### TASK BRIEF
Span requested from the data below: the line with "Фотография покупателя товара" through the line with "รีวิว MSI 990FXA", both included. Give only these lines again, exactly, and leave every picture out.

### DATA SUPPLIED
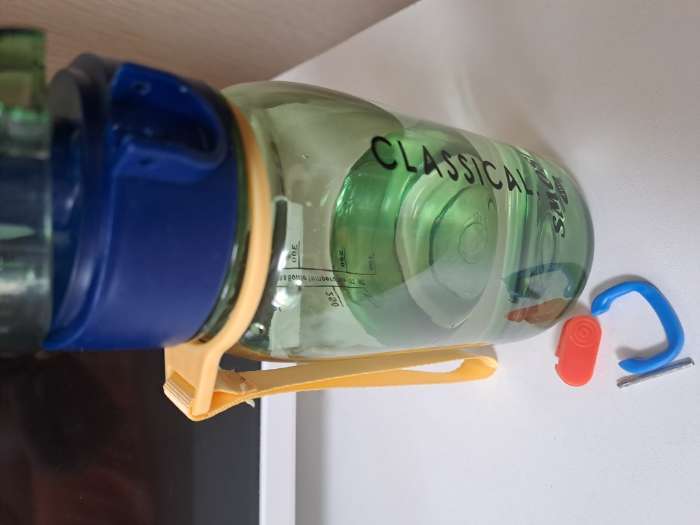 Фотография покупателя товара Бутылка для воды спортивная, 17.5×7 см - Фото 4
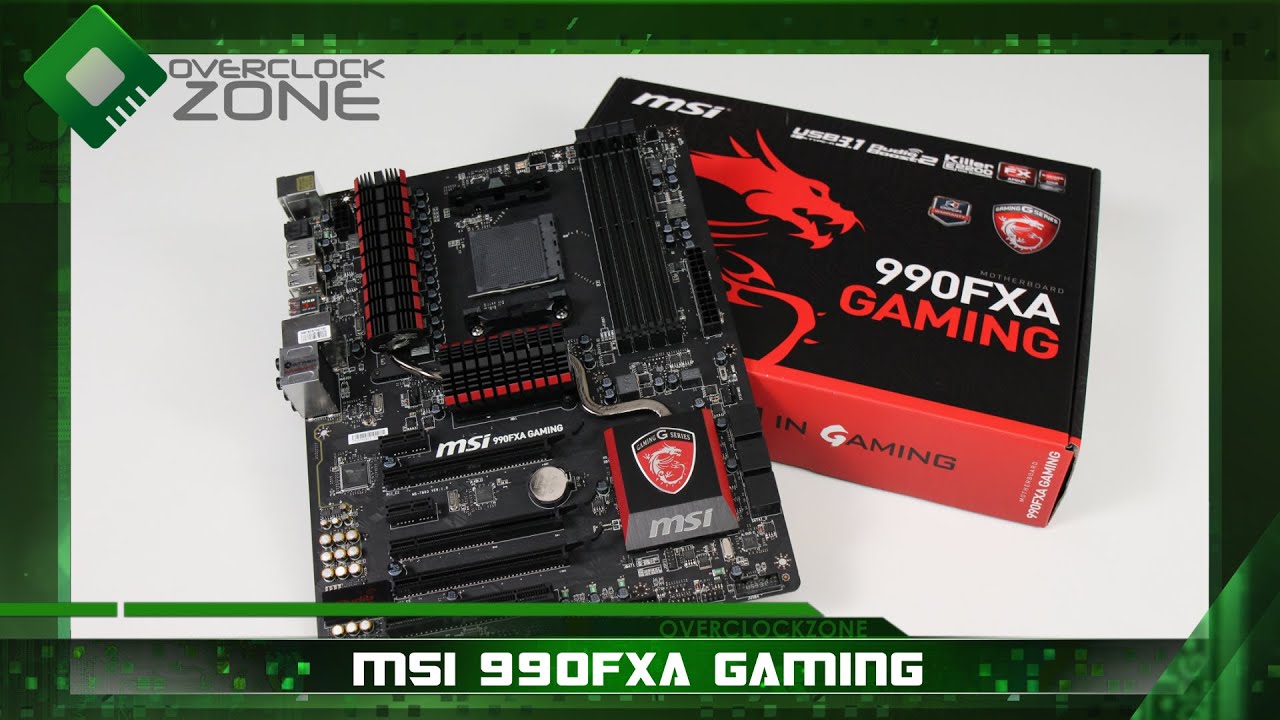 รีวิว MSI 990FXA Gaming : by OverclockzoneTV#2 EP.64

==

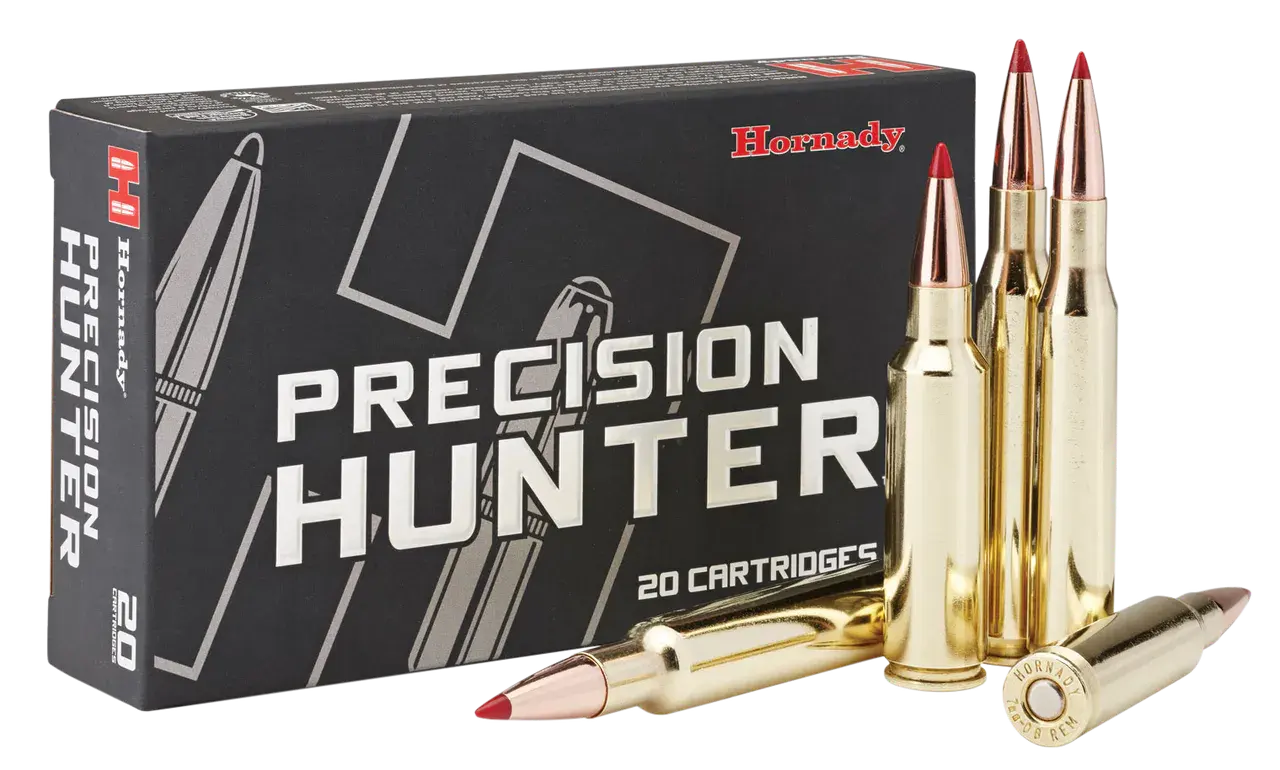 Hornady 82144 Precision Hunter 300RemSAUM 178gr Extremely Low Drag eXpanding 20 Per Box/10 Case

### SOLVED PROBLEM
 Фотография покупателя товара Бутылка для воды спортивная, 17.5×7 см - Фото 4
 รีวิว MSI 990FXA Gaming : by OverclockzoneTV#2 EP.64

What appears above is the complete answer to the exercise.